- _Records supplied_:
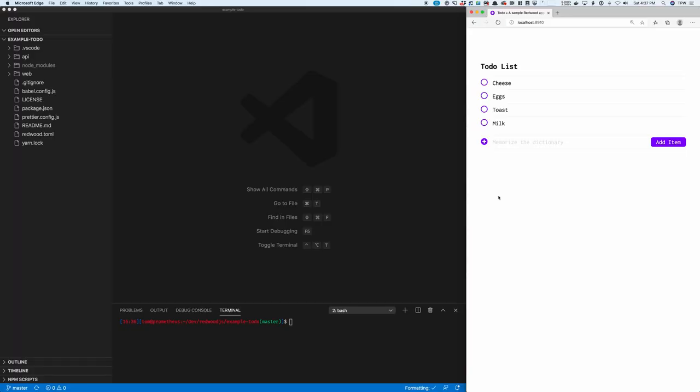Here's how easy it is to add authentication to a Redwood app. I've cloned down github.com/redwoodjs/example-todo, and I have it running here in my browser.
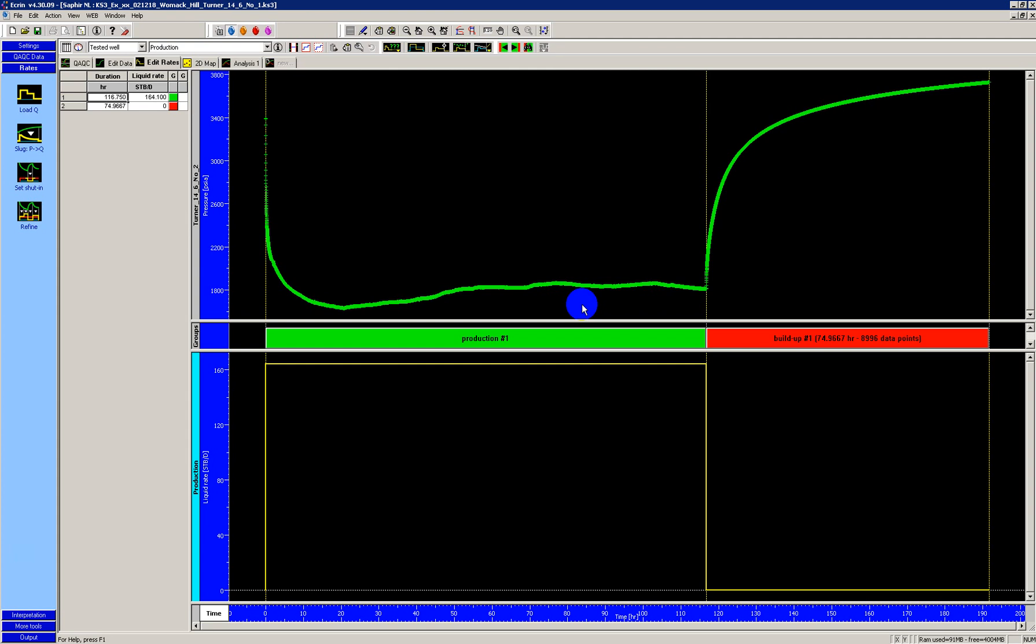Good morning, my name is Tom Blassingame and today is the 30th of March 2018. I'm demonstrating very quickly how to affect a pressure buildup by a slight change in the start time.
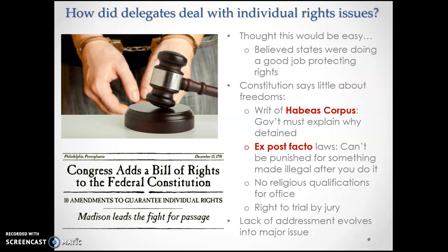As I said, the lack of addressing individual rights issues becomes a major issue, because certain states are saying they're not signing unless there are more guarantees of individual freedoms. And so the question I want you to answer — the only question on today's lecture — is: what did the founding fathers then do next?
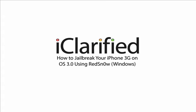Welcome to the iClarified tutorial on how to jailbreak your iPhone 3G on OS 3.0 using RedSnow for Windows. Let's begin.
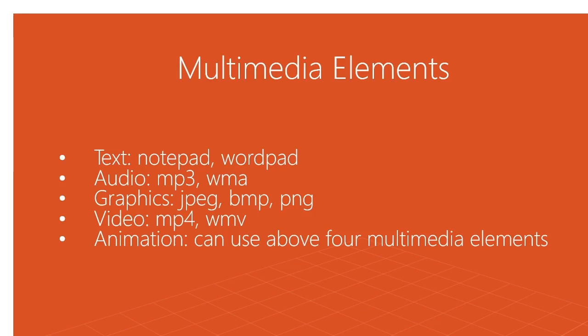If you click on Start and in the search box type Notepad, you will find this popular text editor where you can type letters in a document format.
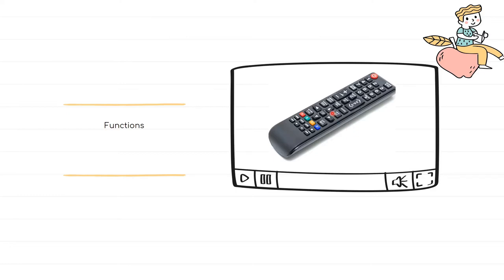Consider the little arrow keys that navigate through different options — going up and down. These can be used when switching between channels or selecting options from different menus. If you had to write a program for this, you'd repeat the same code many times. With Python functions, we avoid that by breaking each functionality into a function, writing the code only once, and reusing it whenever needed.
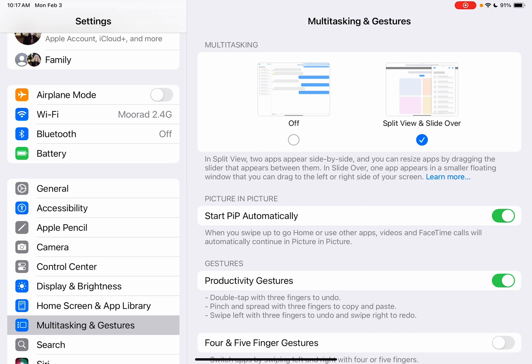First, under multitasking and gestures. Note, this may be in a slightly different area, so if this doesn't match what you're seeing on your iPad, go up to the search at the top of the settings and type in gestures to find where it is in yours. But I'm on the most current version of the iOS on February the 3rd, 2025.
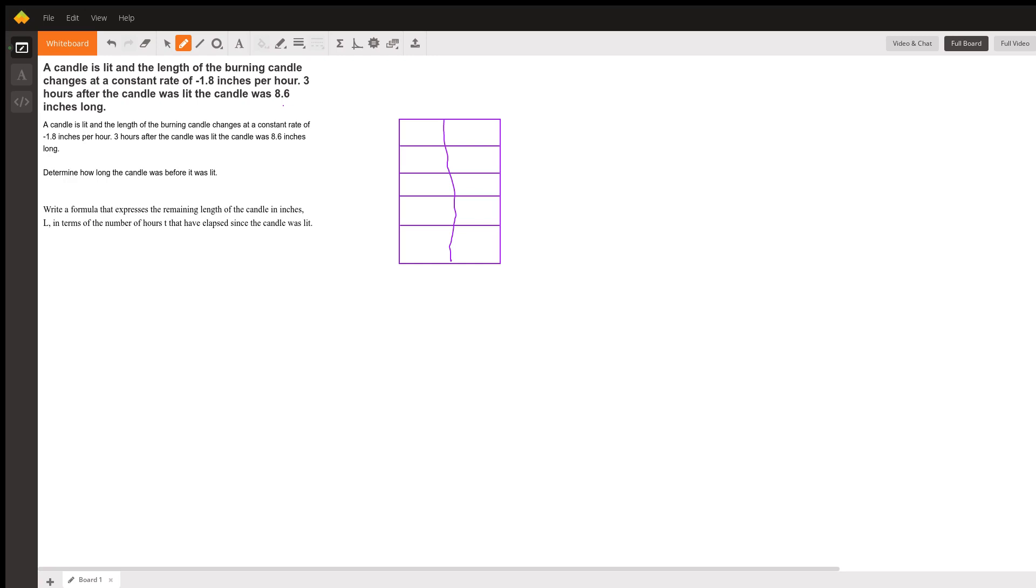It's moving at a constant rate, which means it's linear, which makes things easier for us. Since it's only been burning for three hours, that's not that long. We can backtrack the length over three hours to figure out what it originally was.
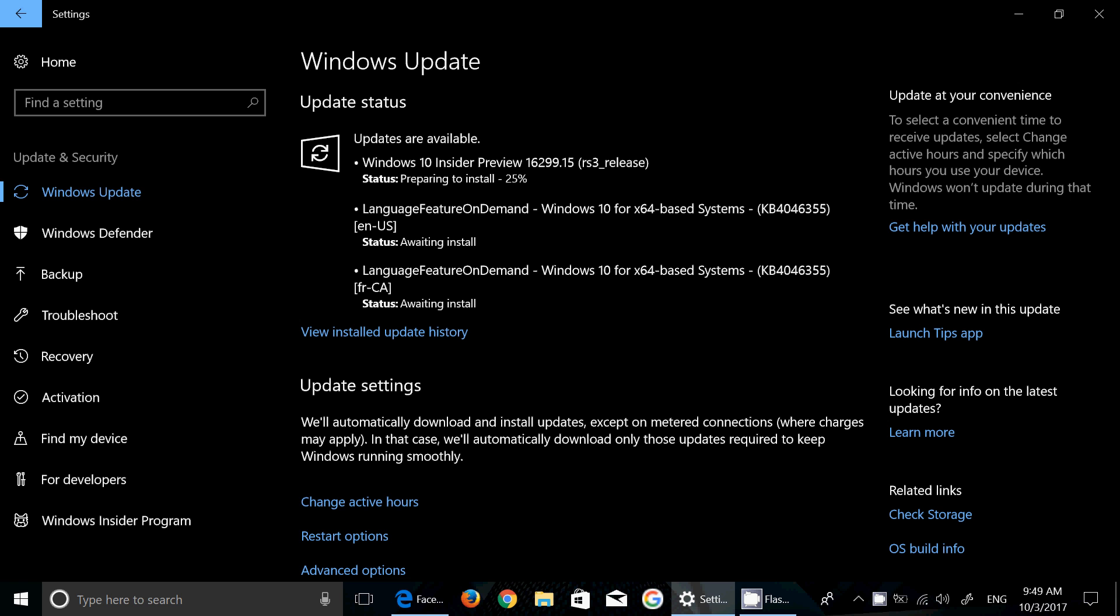I think this is pretty much telling us that 16299 is probably the RTM, but we're getting a minor update within that build. It's interesting - I noticed two features here that are kind of interesting.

- _Activity_: Provide a precise transcription of the listing, excluding each picture.

- _Problem solution_:
Here's how easy it is to add authentication to a Redwood app. I've cloned down github.com/redwoodjs/example-todo, and I have it running here in my browser.
Good morning, my name is Tom Blassingame and today is the 30th of March 2018. I'm demonstrating very quickly how to affect a pressure buildup by a slight change in the start time.
As I said, the lack of addressing individual rights issues becomes a major issue, because certain states are saying they're not signing unless there are more guarantees of individual freedoms. And so the question I want you to answer — the only question on today's lecture — is: what did the founding fathers then do next?
Welcome to the iClarified tutorial on how to jailbreak your iPhone 3G on OS 3.0 using RedSnow for Windows. Let's begin.
If you click on Start and in the search box type Notepad, you will find this popular text editor where you can type letters in a document format.
Consider the little arrow keys that navigate through different options — going up and down. These can be used when switching between channels or selecting options from different menus. If you had to write a program for this, you'd repeat the same code many times. With Python functions, we avoid that by breaking each functionality into a function, writing the code only once, and reusing it whenever needed.
First, under multitasking and gestures. Note, this may be in a slightly different area, so if this doesn't match what you're seeing on your iPad, go up to the search at the top of the settings and type in gestures to find where it is in yours. But I'm on the most current version of the iOS on February the 3rd, 2025.
It's moving at a constant rate, which means it's linear, which makes things easier for us. Since it's only been burning for three hours, that's not that long. We can backtrack the length over three hours to figure out what it originally was.
I think this is pretty much telling us that 16299 is probably the RTM, but we're getting a minor update within that build. It's interesting - I noticed two features here that are kind of interesting.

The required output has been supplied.